Admiring the Honor Code

I recently noticed a popular search engine was displaying, "BYU Honor Code" as a trending topic. Realizing millions of people likely didn't wake up and coincidentally ask themselves, "I wonder what rules students of BYU must follow in order to remain in good standing," I conducted a little investigation.

Turns out a rather adroit BYU basketball player was suspended from the team for breaking the code. An Honor Code board is to decide if the young man will be allowed to remain a student at the esteemed university.

The BYU Honor Code states that students must...

Be honest
Live a chaste and virtuous life
Obey the law and all campus policies
Use clean language
Respect others
Abstain from alcoholic beverages, tobacco, tea, coffee and substance abuse
Participate regularly in church services
Observe the Dress and Grooming Standards
Encourage others in their commitment to comply with the Honor Code

First of all, I have no problem with the honor code or the students who agree to live their life in accordance. People should be free to start or join any group they want with whatever rules they want as long as they don't hurt anybody. In America, both group-starting and group-joining are thankfully voluntary.

However, in researching the story, I discovered that a great many sports journalists claimed to respect BYU administrators for strictly enforcing the code. "They sacrificed basketball wins for morality. For braving certain backlash from our sports obsessed society, I say kudos," the sports writers pompously said.

Really?

A few of the Honor Code demands I can understand, but why would any rational person have respect for individuals who punish college students for the crime of breaking random rules? And how can abiding by these random rules be admired by anyone except people involved in the group?

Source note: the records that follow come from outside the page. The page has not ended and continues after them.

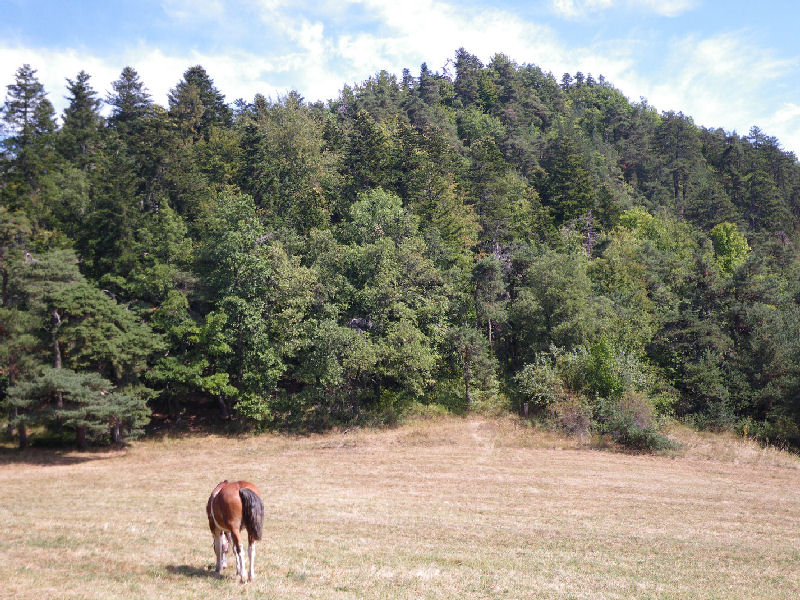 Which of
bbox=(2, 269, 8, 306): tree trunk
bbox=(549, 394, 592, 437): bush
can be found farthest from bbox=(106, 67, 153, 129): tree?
bbox=(549, 394, 592, 437): bush

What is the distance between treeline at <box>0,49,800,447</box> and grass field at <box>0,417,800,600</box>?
4.63m

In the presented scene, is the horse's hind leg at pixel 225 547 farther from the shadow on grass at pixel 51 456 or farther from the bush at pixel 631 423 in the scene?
the bush at pixel 631 423

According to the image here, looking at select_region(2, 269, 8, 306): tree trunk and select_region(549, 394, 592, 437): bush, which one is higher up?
select_region(2, 269, 8, 306): tree trunk

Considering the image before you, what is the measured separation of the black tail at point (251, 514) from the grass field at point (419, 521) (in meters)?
0.95

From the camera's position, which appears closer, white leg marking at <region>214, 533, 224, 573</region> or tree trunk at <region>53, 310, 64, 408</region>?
white leg marking at <region>214, 533, 224, 573</region>

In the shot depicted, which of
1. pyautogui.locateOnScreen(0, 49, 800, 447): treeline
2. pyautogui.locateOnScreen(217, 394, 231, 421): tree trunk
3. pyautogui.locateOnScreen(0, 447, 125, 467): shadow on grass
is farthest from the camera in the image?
pyautogui.locateOnScreen(217, 394, 231, 421): tree trunk

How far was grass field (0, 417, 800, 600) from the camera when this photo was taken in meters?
11.4

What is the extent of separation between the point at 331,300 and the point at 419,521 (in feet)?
81.0

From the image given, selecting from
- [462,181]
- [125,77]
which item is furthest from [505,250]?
[125,77]

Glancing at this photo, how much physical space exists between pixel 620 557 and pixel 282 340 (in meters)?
27.8

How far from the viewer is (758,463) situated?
29453 millimetres

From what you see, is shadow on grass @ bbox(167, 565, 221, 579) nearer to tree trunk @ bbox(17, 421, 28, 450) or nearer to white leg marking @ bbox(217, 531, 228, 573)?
white leg marking @ bbox(217, 531, 228, 573)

If a club declared petting puppies was grounds for immediate expulsion, would sports writers applaud every member who managed to keep their petting-hand away from all collies, spaniels, pinschers and pointers?

Would they say, "I can't understand why anyone would join a club in which puppy-petting is forbidden, but I can and do admire members for walking by every 'Fido' they encounter and suppressing their inherent desire to extend a friendly hand and say, 'Come here, boy! Who's a good boy!? Are you a good boy!?' That takes real courage."?

Why exactly is it noble to refrain from non-sinful actions?

I suppose religiously inspired rules that don't serve practical purposes are considered noble because that's what the majority of our elders have always taught us. After all, not until 1973 did the American Psychiatric Association stop listing homosexuality as a mental disorder. That means, in 1972, instead of just being ashamed, parents could justifiably respond to the revelation that their child was gay by pinning him or her down and then forcibly dressing them in a straight jacket. While the BYU Honor Code doesn't specifically reference homosexual behavior, I have a strong feeling school administrators would strenuously frown upon a pair of basketball players whose pre-game ritual included twenty-minutes of sucking each others face. In fact, BYU administrators would likely kick the student-athletes off the team for not acting in a virtuous manner.

And if a desperately thirsty BYU player gets kicked off the basketball team for consuming a Diet Snapple Peach Green Tea, which are fabulous by the way, because his faucet was producing a sludgy brown substance, would these same sports writers rise and applaud. "Way to stand up for your anti-tea beliefs! I don't understand them, but I admire you for making sure, if another player finds himself in a similar situation, he'll either drink the sludge or become dangerously dehydrated, because that's what god would want."